(THE TASK):
Copy nothing but the lines from the line with "BUĞZ Samsung Galaxy" to the end of the records, retyped exactly. Pictures stay out.

*** Opening of PROVIDED MATERIAL ***

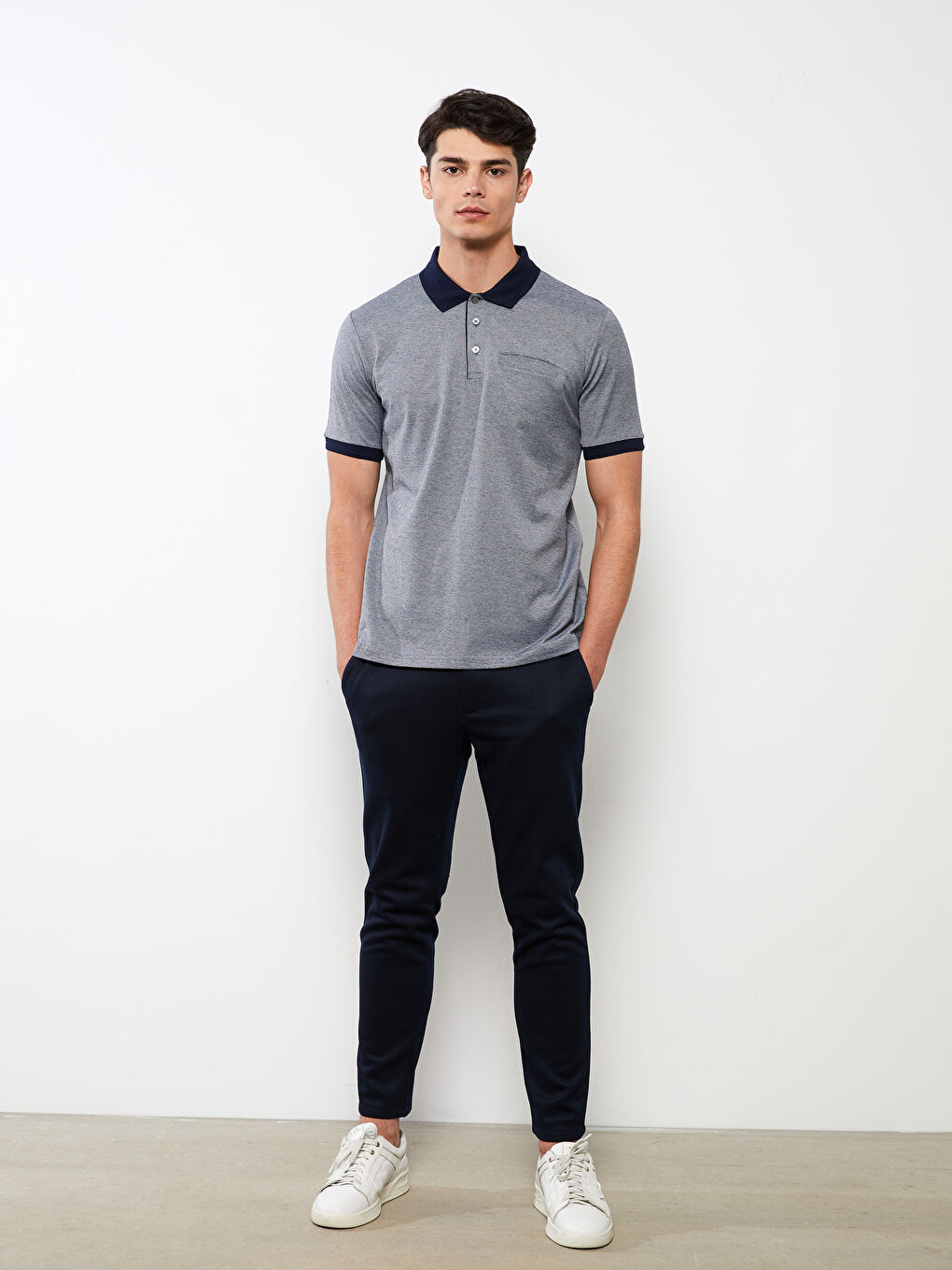 Lacivert Polo Yaka Kısa Kollu Penye Erkek Tişört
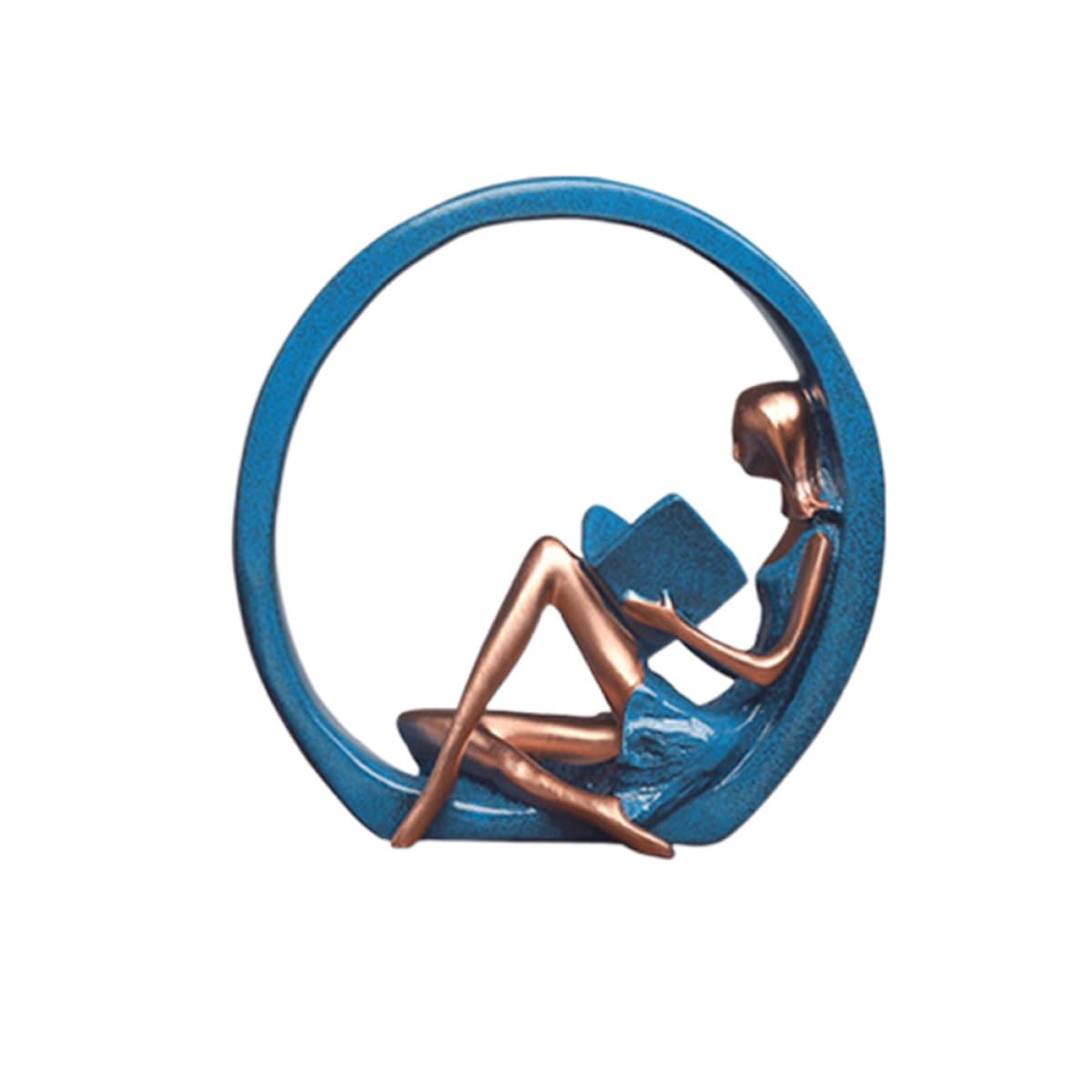 Statue de yoga en résine bleue créant une ambiance zen dans votre salon moderne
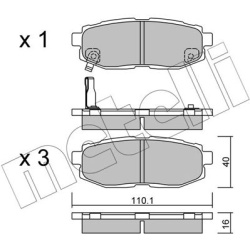 stabdžių trinkelių rinkinys, diskinis stabdys
                                METELLI                                     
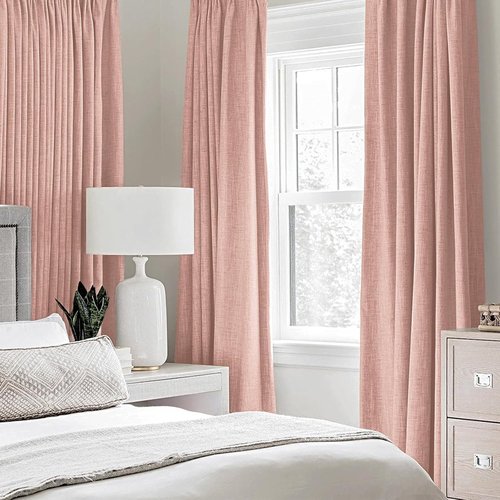 MIULEE Blackout Linen Curtains - 100% Thermal Insulated Blush Pink Drapes | 52 x 63 Inch (2 Panels)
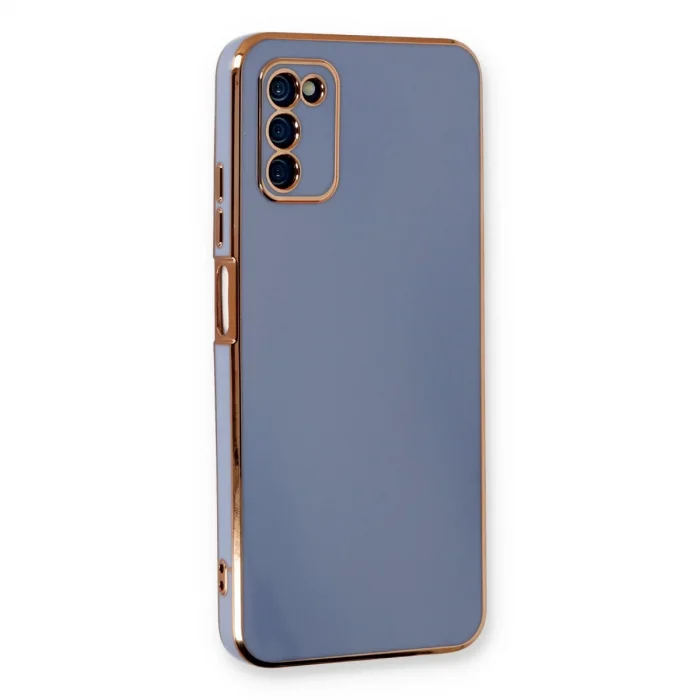 BUĞZ Samsung Galaxy A03s Kılıf Volet Silikon - Mavi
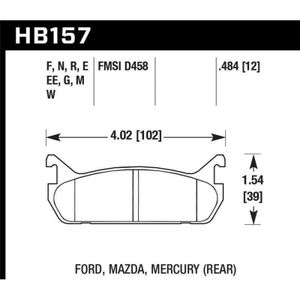 Hawk 91-96 Ford Escort GT / 90-93 Mazda Miata DTC-60 Rear Race Brake Pads - KHB157G.484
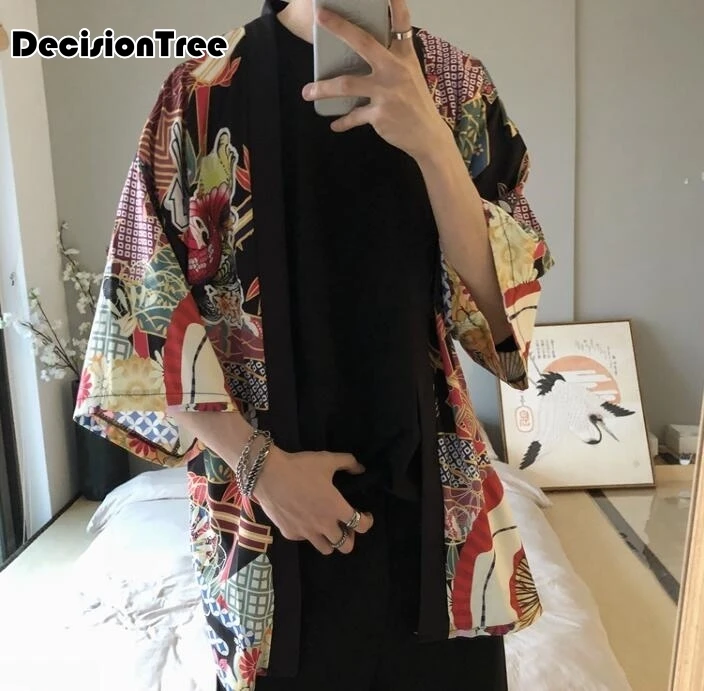 2019 summer mens kimono japanese clothes streetwear casual kimonos jackets harajuku japan style cardigan outwear Cardigan Jacket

*** Close of PROVIDED MATERIAL ***

(YOUR RESPONSE):
 BUĞZ Samsung Galaxy A03s Kılıf Volet Silikon - Mavi
 Hawk 91-96 Ford Escort GT / 90-93 Mazda Miata DTC-60 Rear Race Brake Pads - KHB157G.484
 2019 summer mens kimono japanese clothes streetwear casual kimonos jackets harajuku japan style cardigan outwear Cardigan Jacket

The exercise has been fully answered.